Leicester police said they’ve identified a shoplifting suspect thanks to a colorful clue — a wad of Play-Doh left with a clear imprint of the man’s fingerprint.
In December, the suspect tried to shoplift electronics from the Walmart on Soojian Drive by covering up the anti-theft device with a wad of red, blue, and green Play-Doh, according to Leicester police Chief James Hurley. The department first announced the thefts on Facebook in March.
Play-Doh, produced by Pawtucket-based toymaker Hasbro, is a clay consisting primarily of water, salt, and flour, according to the product’s website. But Leiscester police said this particular use of the children’s toy didn’t work, and the suspect, identified by Hurley as Dennis Jackson, 55, fled the scene.

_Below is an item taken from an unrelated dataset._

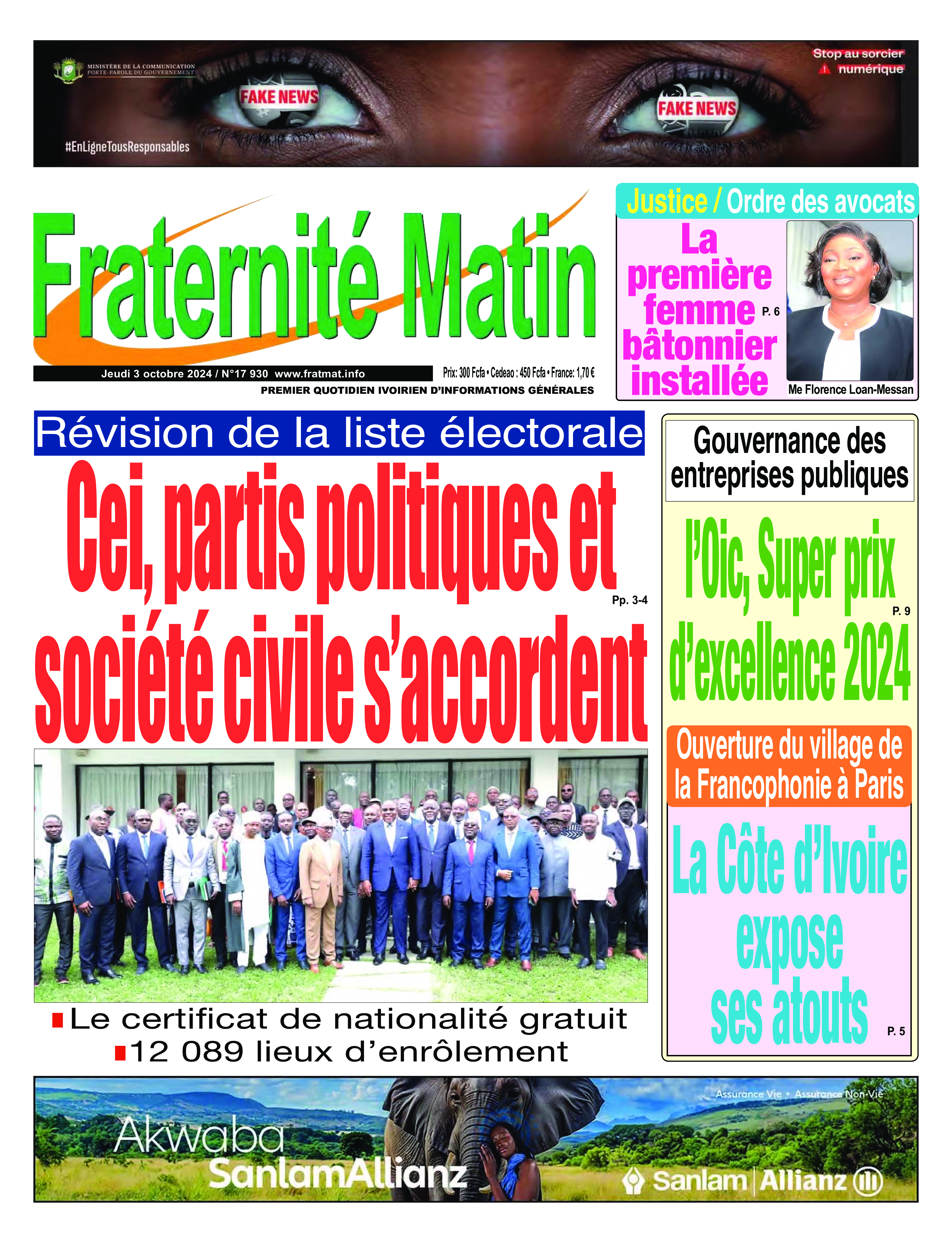 N° 17930 - 2024-10-03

“The LPD investigator recovered the Play-Doh and found the suspect had left more than just the Play-Doh behind; the suspect left a very good fingerprint pressed into the Play-Doh for the LPD,” the department wrote on its Facebook page.
Photos included with the post show the device partly covered by the putty and an image of the fingerprint police said was left by Jackson.

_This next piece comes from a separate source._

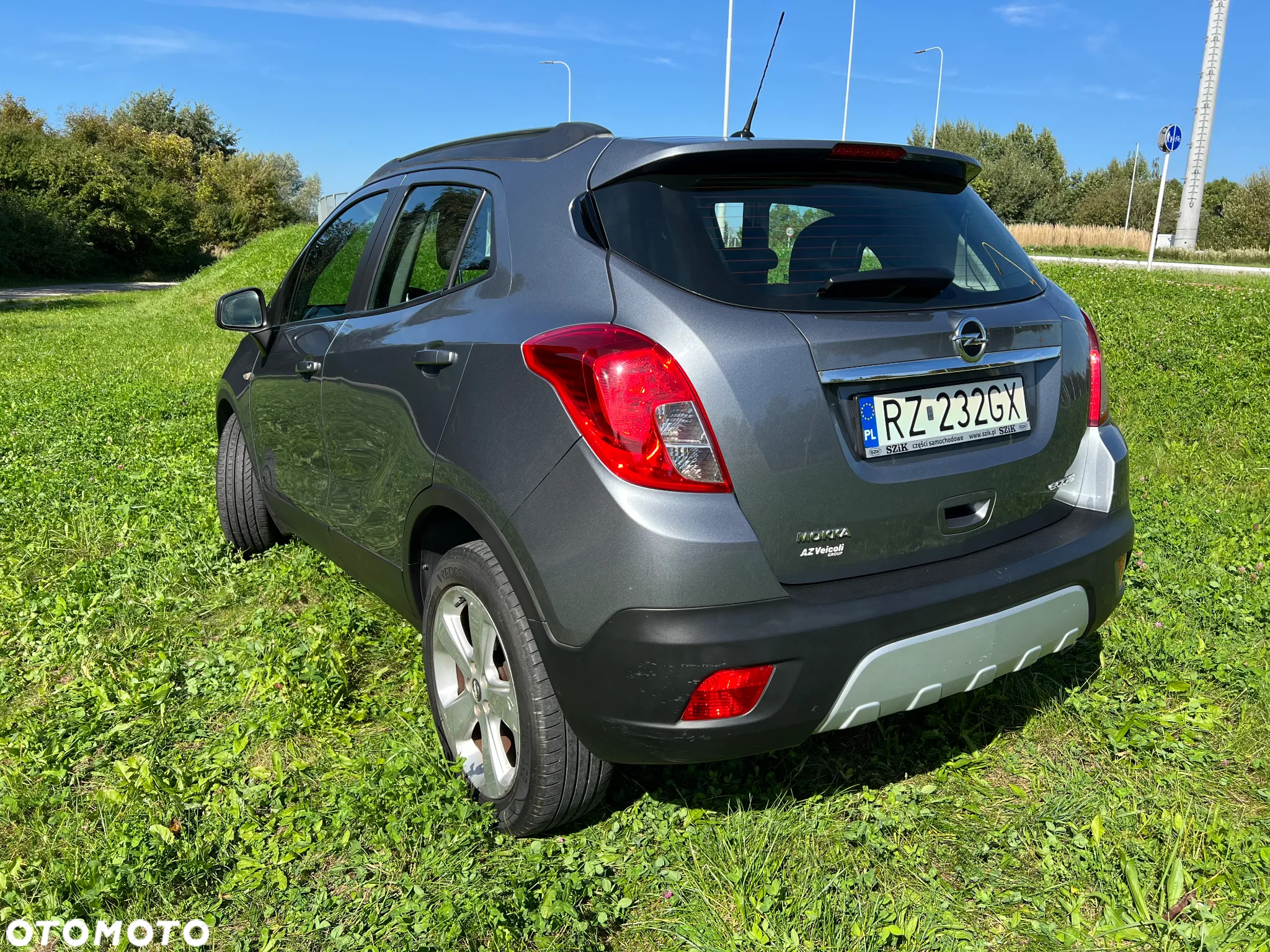 Opel Mokka 1.4 Turbo ecoFLEX Start/Stop Edition - 17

“By leaving his fingerprints, the scheme didn’t work,” said Hurley, who believes this is the first time in his 35-year career he has seen Play-Doh used this way.
Hurley credited the detective on the case for seeing the fingerprint on the clay and finding a way to identify a suspect. Hurley said he believes that the Play-Doh was also stolen from the same store.
On Monday, police said in a follow-up post that Jackson was identified with help from the Connecticut Crime Lab.
When police identified Jackson as the suspect last month, Hurley said they discovered Jackson was already being held on unrelated charges at the Worcester County House of Correction.
Jackson also faces charges in Pennsylvania and New Jersey, Hurley said.
Hurley said Jackson now faces four counts of unlawful removal of an anti-theft device and expects Jackson will be arraigned in the near future at East Brookfield District Court.